* **Task directions**: Only a verbatim restatement of the lines from the one with "Then launch iTunes" through the end of the listing below is wanted. Pictures should be left out.

* **Records for the task**:

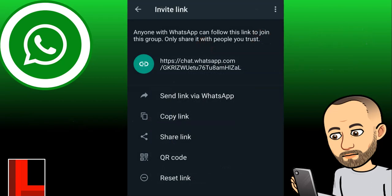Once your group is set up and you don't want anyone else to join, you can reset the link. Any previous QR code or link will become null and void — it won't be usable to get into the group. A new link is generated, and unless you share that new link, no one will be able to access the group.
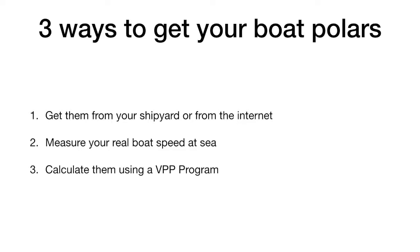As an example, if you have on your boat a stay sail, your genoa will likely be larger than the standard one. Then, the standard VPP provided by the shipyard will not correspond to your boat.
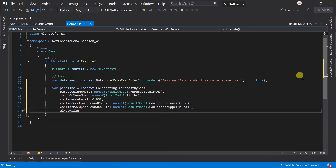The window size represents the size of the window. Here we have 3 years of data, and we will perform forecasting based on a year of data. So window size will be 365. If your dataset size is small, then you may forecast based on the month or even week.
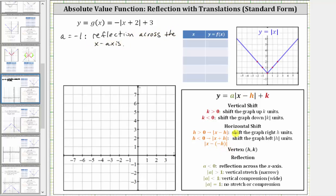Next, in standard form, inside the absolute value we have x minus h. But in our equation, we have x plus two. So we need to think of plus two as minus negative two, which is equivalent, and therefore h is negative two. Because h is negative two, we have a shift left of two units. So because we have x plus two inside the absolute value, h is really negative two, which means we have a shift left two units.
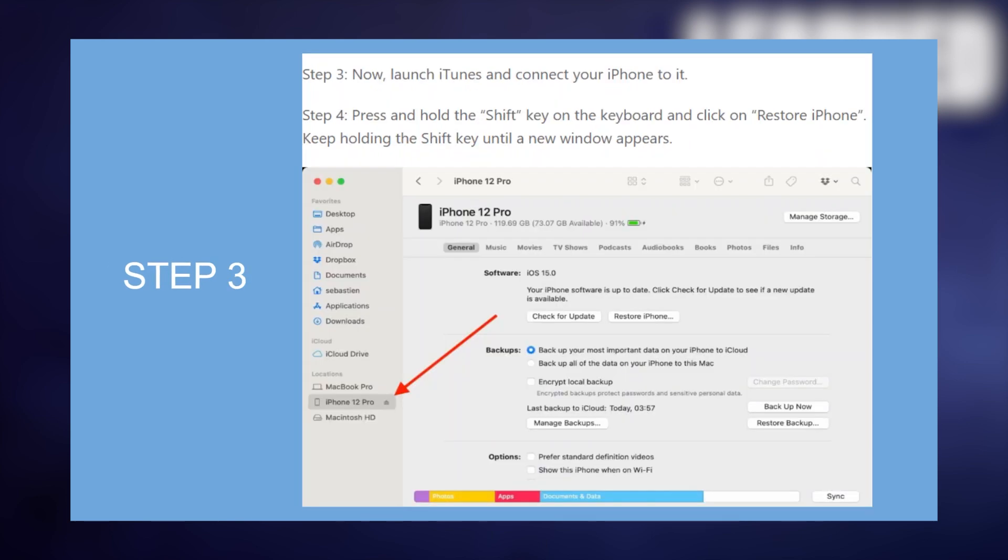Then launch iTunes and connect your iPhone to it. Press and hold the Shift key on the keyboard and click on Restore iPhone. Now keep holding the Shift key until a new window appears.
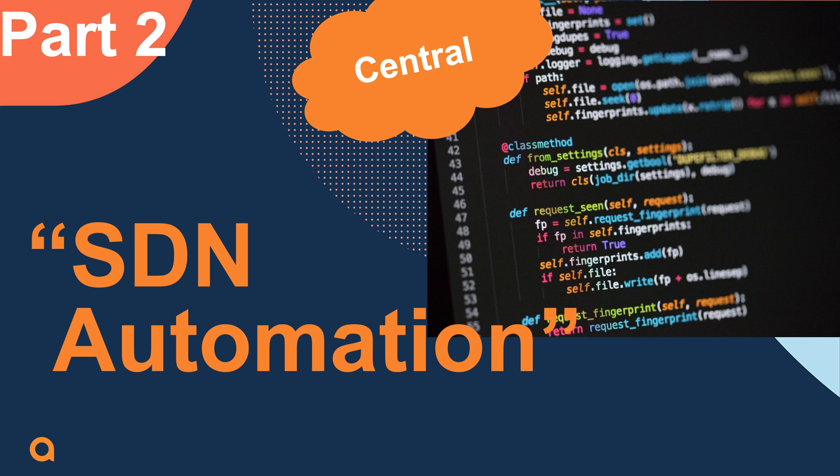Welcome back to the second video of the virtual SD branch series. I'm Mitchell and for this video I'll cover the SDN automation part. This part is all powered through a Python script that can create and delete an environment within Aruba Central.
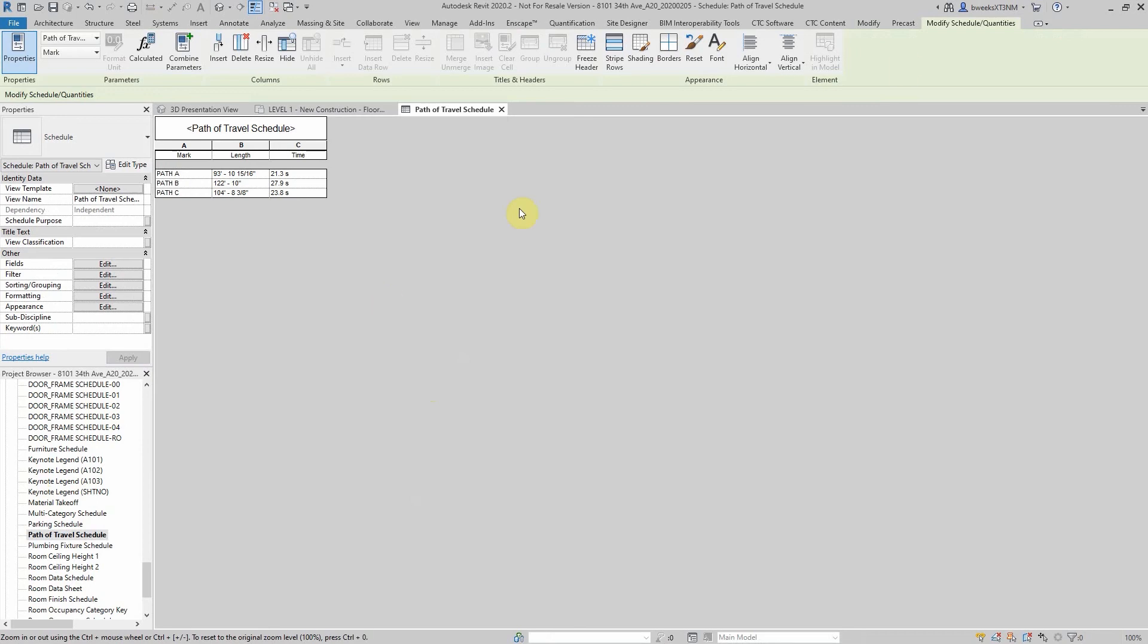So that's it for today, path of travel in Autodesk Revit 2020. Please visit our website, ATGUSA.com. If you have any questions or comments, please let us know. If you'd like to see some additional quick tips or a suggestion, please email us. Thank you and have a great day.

* **Solution to this task**:
Then launch iTunes and connect your iPhone to it. Press and hold the Shift key on the keyboard and click on Restore iPhone. Now keep holding the Shift key until a new window appears.
Welcome back to the second video of the virtual SD branch series. I'm Mitchell and for this video I'll cover the SDN automation part. This part is all powered through a Python script that can create and delete an environment within Aruba Central.
So that's it for today, path of travel in Autodesk Revit 2020. Please visit our website, ATGUSA.com. If you have any questions or comments, please let us know. If you'd like to see some additional quick tips or a suggestion, please email us. Thank you and have a great day.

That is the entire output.